### BRIEF
Please write out exactly the line containing "Columbia Sky Blue" below and every line after it, through the last one, but leave out any pictures.

====== DATASET CONTENT

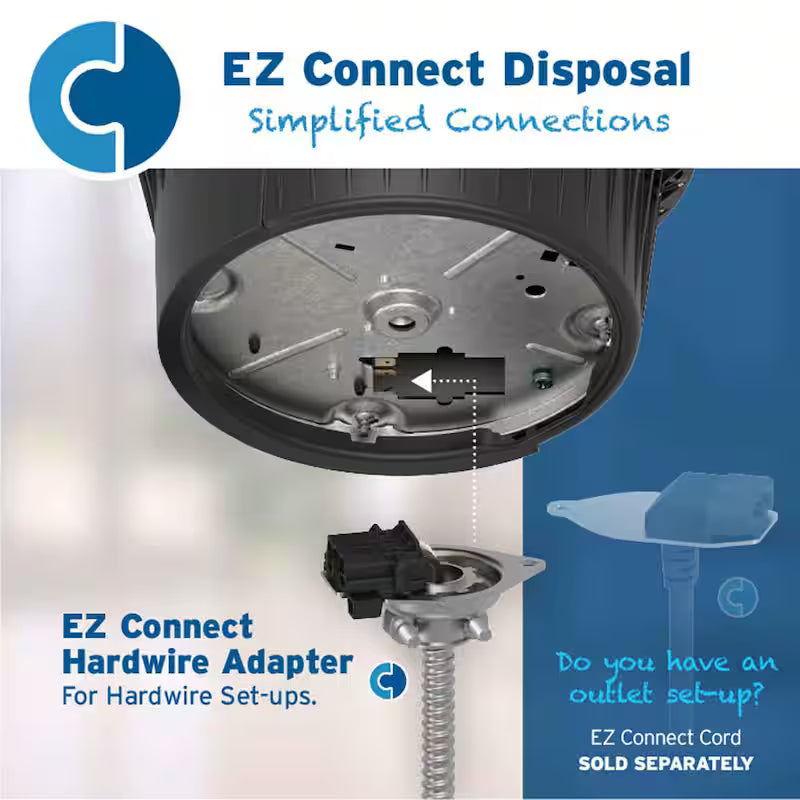 3/4 HP Continuous Feed Garbage Disposal W962107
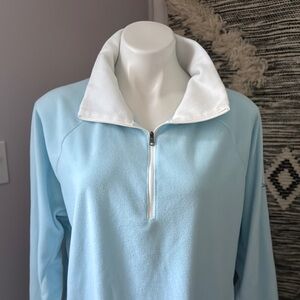 Columbia Sky Blue Light Weight Fleece Pullover 1X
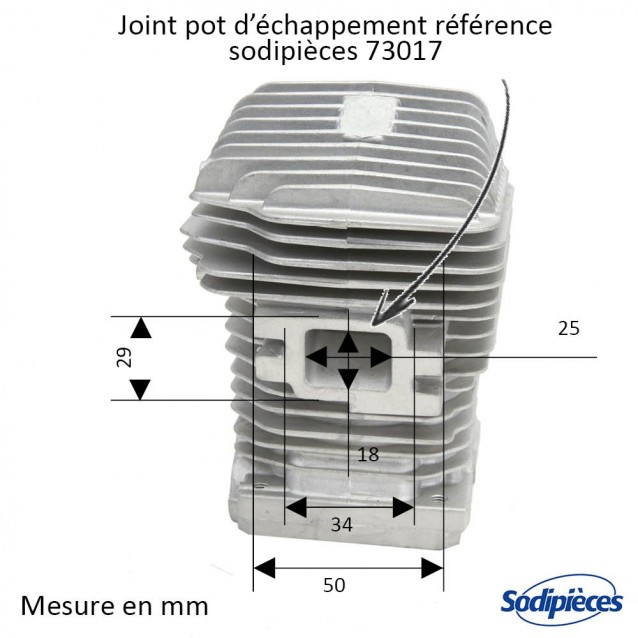 Cylindre piston tronçonneuse Stihl 021/MS210/023/MS230 Ø 40 mm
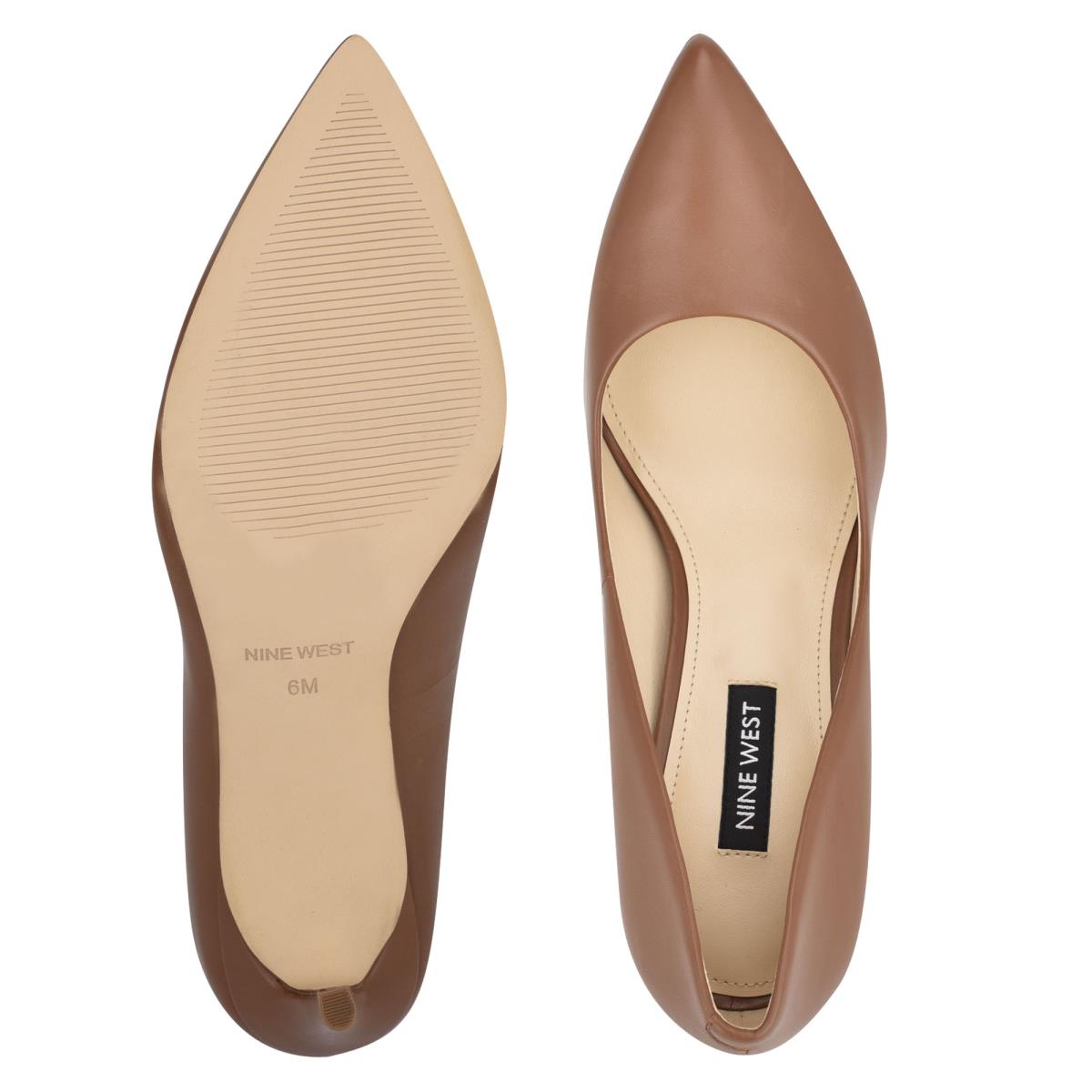 Nine West Ezra Pointy Neus Pumps Bruin | 7259BVDPO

============

### RESULT FOR THIS TASK
 Columbia Sky Blue Light Weight Fleece Pullover 1X
 Cylindre piston tronçonneuse Stihl 021/MS210/023/MS230 Ø 40 mm
 Nine West Ezra Pointy Neus Pumps Bruin | 7259BVDPO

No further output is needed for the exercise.